Although I do have to say this: as I mentioned earlier, I used dislike my first name. But I don't anymore. It might be my favorite sound now. And it is that for no other reason than that I love hearing it said by my wife. The first time she ever said "I love you" and called me by name is a moment I will never forget. It was as if someone said my name for the very first time. In it, she encapuslated the whole totality of who I was and yet she still saw something loveable there. No, not just something. She loved it all. Me.
And my wife took my name as her own. I remember going with her to the social security office where she had to make it all legal. It struck me what a huge deal this was: taking on your husband's name. Her wanting it made it feel like it had a value that I never thought it had. The name is even more special to me because it is now her name too.
And then on Monday, my sister gave birth to her first son. And his parents gave him my middle name as his first name. And I discovered that he was named after me.
That was a singular moment, to realize that my name had been given to another, that this child would be indelibly marked with a part of me. In the moment I saw the text message with his name, two things occurred to me:
The first was that there is a kind of immortality that comes with having someone named after you. You leave a mark on this world that will exist after you.

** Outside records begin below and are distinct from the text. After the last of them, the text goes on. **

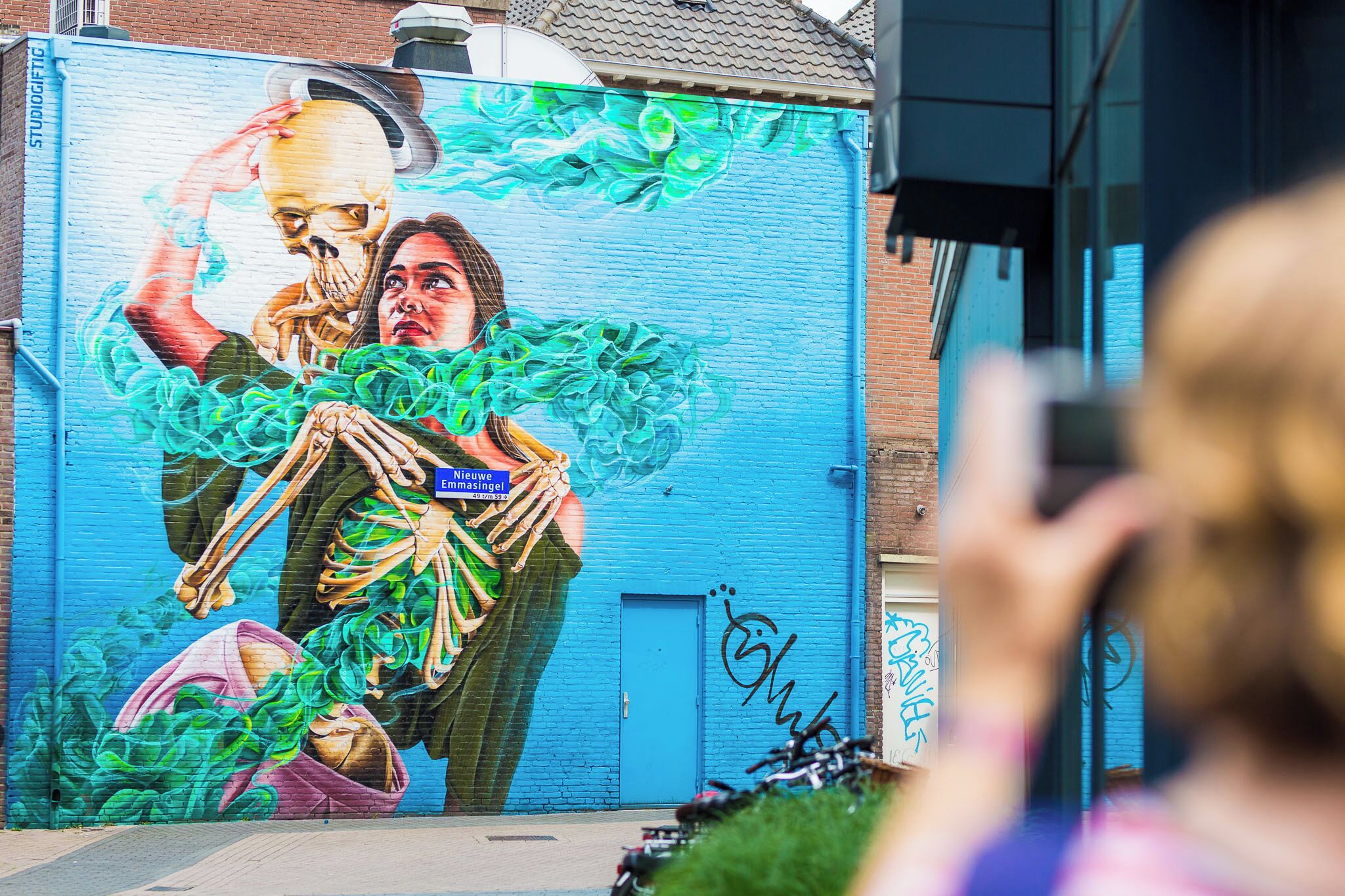 Une fresque sur un mur bleu représentant un squelette et des feuilles vertes.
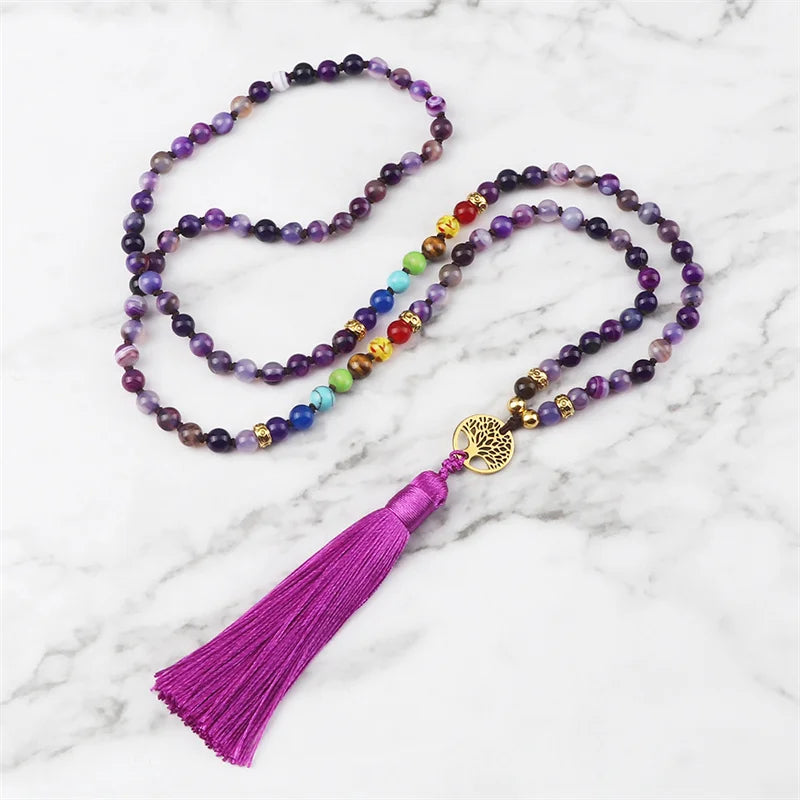 Purple Agate 7 Chakra Mala Necklace Jewelry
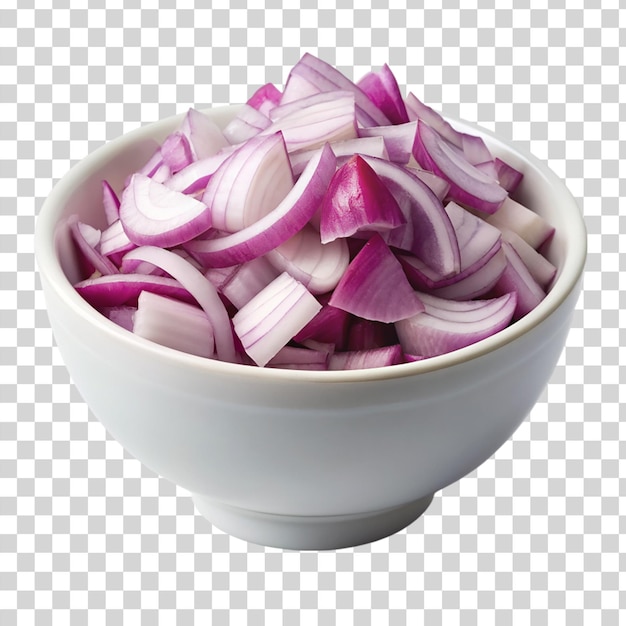 A white bowl on coped onions on transparent background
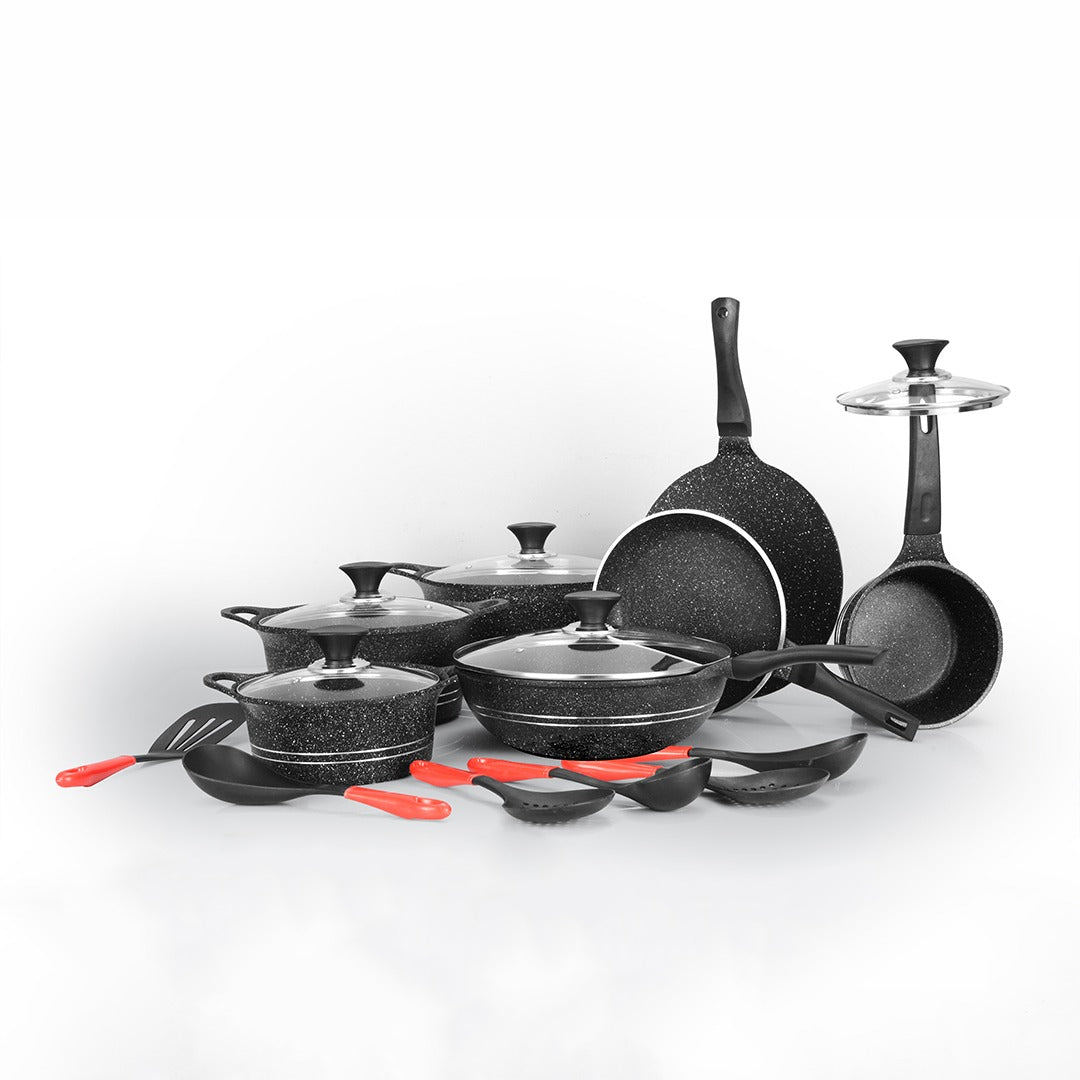 Sonex™ 20 Pieces Marble Coating Dual Layer Coating Non stick Gift Set with Glass Lids Eden Plus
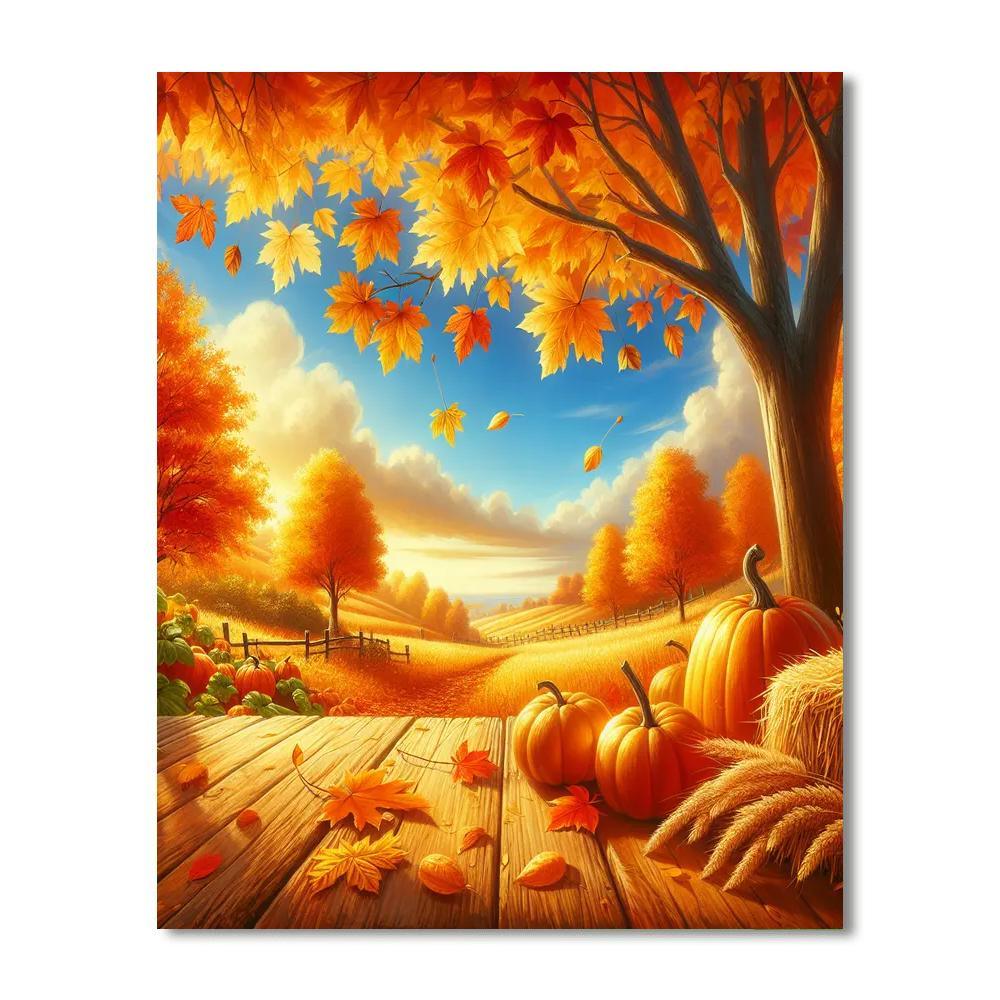 Autumn's Golden Beauty DIY Paint By Numbers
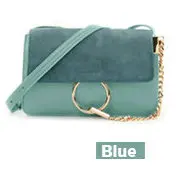 Women's small ring chain shoulder bag matt blue pink grey color crossbody multifunctional messenger bags commute handbag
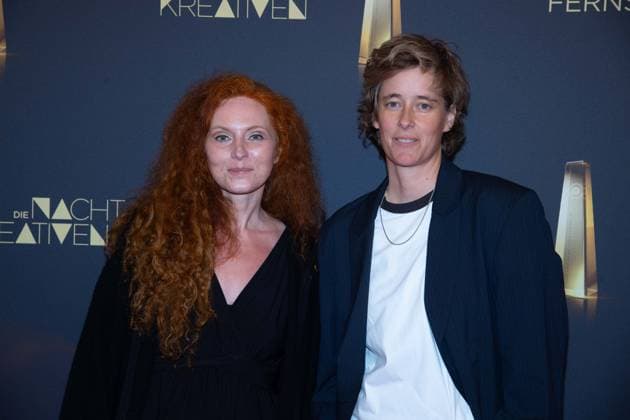 Martine EISENREICH, Musician, Pia STRIETMANN, Director, Red Carpet, Red Carpet Show, Arrival, Arrival, German Television Award Ceremony, The Night of Creatives The German Television Award 2025, German Television Award 2025 at the Flora Cologne, on 09 09 2025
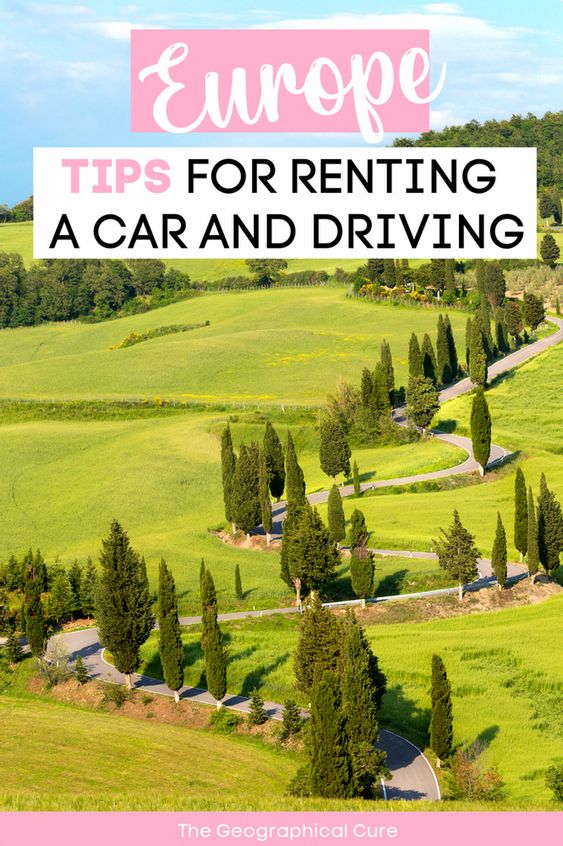 Pinterest pin for tips for renting a car and driving in in Europe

The second was that I now had tangible evidence of my sister and her husband's love. I'm often a goofball and can often be annoying and rather flakey, especially to my family. I never doubted that they loved me, but to choose something so important as their son's name...
And I began to cry.
Our names matter. It is the symbol of who we are and the sum of our experiences. Fantasy writer Neil Gaiman often makes the point that our names have power. Our names our magic. And they are. When we recall our absent friends and family and speak their names, a part of them is conjured. they are present with us. We have their names and we know them.